Die Generalversammlung der Allgemeinen Anthroposophischen Gesellschaft hat am 24. März dem turnusgemäßen Antrag auf Verlängerung der Amtszeit von Paul Mackay und Bodo von Plato im Vorstand nicht angenommen. Daraufhin verteilte die Goetheanum-Leitung alle Mandate und Aufgaben neu. Parallel dazu führte die Betriebsleitung eine Betriebsanalyse durch. Im Gesamtergebnis hat sich die Goetheanum-Leitung für einen Neugriff der Betriebs-kultur entschieden.

Kern des Goetheanum ist die Freie Hochschule für Geisteswissenschaft mit elf Fachsektionen. Neu wird die Tätigkeit der in ihrem Dienst stehenden Betriebsabteilungen – beispielsweise Empfang, Veranstaltungskoordination, Hausdienst und Gärtnerei – sachbezogen jeweils einer Fachsektion zugeordnet. Dadurch soll die Idee dieser Hochschule bis in die Umsetzung vor Ort wirksam sein und die Erfahrungen im Betrieb als Ertrag der Hochschule zu Verfügung stehen.

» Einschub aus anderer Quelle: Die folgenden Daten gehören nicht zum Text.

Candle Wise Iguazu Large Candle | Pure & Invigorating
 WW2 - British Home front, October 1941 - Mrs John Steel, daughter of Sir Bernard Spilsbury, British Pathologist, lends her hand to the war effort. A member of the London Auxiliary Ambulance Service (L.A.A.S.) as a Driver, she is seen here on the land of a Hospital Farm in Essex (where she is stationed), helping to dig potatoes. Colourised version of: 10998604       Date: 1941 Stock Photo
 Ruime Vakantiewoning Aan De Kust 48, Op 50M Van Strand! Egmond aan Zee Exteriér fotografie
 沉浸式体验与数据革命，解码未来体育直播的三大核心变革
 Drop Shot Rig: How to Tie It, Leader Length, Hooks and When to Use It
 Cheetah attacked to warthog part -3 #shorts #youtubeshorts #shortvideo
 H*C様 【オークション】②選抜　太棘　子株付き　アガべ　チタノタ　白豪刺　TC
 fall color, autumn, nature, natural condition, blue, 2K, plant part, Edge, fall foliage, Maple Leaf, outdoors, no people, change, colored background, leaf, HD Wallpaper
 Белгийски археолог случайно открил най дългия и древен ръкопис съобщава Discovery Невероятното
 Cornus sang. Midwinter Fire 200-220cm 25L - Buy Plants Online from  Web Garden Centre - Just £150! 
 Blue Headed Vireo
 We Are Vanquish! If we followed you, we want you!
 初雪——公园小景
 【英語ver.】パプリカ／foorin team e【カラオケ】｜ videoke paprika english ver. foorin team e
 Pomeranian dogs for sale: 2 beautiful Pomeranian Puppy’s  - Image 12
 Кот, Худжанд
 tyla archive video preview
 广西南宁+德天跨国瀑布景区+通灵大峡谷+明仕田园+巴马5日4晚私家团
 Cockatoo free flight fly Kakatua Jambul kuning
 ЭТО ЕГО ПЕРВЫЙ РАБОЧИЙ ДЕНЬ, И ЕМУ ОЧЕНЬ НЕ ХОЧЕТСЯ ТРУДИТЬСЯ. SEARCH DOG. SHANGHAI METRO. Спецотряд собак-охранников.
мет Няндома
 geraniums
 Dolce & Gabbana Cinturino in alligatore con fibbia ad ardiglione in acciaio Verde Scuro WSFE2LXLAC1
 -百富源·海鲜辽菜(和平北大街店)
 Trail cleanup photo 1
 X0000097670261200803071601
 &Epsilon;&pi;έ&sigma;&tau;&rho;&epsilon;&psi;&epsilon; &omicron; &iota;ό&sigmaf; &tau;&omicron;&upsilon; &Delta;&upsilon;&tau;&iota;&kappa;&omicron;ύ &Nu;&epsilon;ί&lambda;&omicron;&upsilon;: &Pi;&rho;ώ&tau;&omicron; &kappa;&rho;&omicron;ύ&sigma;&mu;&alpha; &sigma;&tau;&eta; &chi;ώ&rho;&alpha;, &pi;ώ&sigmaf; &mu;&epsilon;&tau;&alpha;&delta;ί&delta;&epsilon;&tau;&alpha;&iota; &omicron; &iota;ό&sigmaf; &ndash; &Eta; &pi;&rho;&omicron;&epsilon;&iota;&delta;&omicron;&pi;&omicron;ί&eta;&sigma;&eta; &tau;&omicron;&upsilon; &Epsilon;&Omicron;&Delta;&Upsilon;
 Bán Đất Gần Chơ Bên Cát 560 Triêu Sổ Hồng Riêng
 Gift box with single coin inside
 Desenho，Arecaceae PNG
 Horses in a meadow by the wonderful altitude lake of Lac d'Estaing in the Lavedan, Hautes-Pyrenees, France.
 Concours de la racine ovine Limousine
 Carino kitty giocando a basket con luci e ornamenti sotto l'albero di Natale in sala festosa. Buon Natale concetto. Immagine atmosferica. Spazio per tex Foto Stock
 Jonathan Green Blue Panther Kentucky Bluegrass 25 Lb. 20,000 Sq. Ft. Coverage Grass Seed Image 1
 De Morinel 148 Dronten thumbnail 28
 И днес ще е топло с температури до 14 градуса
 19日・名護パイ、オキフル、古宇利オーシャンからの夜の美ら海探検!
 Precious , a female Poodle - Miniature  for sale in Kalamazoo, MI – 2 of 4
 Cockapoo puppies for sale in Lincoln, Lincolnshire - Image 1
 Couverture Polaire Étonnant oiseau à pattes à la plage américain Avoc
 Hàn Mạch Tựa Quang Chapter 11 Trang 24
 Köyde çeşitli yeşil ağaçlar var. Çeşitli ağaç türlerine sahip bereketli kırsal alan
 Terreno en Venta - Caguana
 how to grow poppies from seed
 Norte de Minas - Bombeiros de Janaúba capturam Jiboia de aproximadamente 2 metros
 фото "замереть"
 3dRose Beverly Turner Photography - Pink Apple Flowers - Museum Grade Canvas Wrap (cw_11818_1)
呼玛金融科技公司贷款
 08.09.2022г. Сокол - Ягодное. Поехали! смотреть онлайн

Das Ziel ist eine ‹gegliederte Verantwortung›: Hierarchien sollen abgeflacht, mehr Eigenverantwortung und Selbstführung sollen ermöglicht und der Zusammenhang des Einzelnen zum Ganzen ausgebaut werden.

Justus Wittich, Mitglied des Vorstands und der Betriebsleitung, lud die Mitarbeitenden ein, sich auf diese Umwandlung einzulassen. «Das ist ein Prozess, der etwas Zeit braucht. Wir werden auch immer wieder scheitern. Aber das ist nicht schlimm – auch dann machen wir weiter.»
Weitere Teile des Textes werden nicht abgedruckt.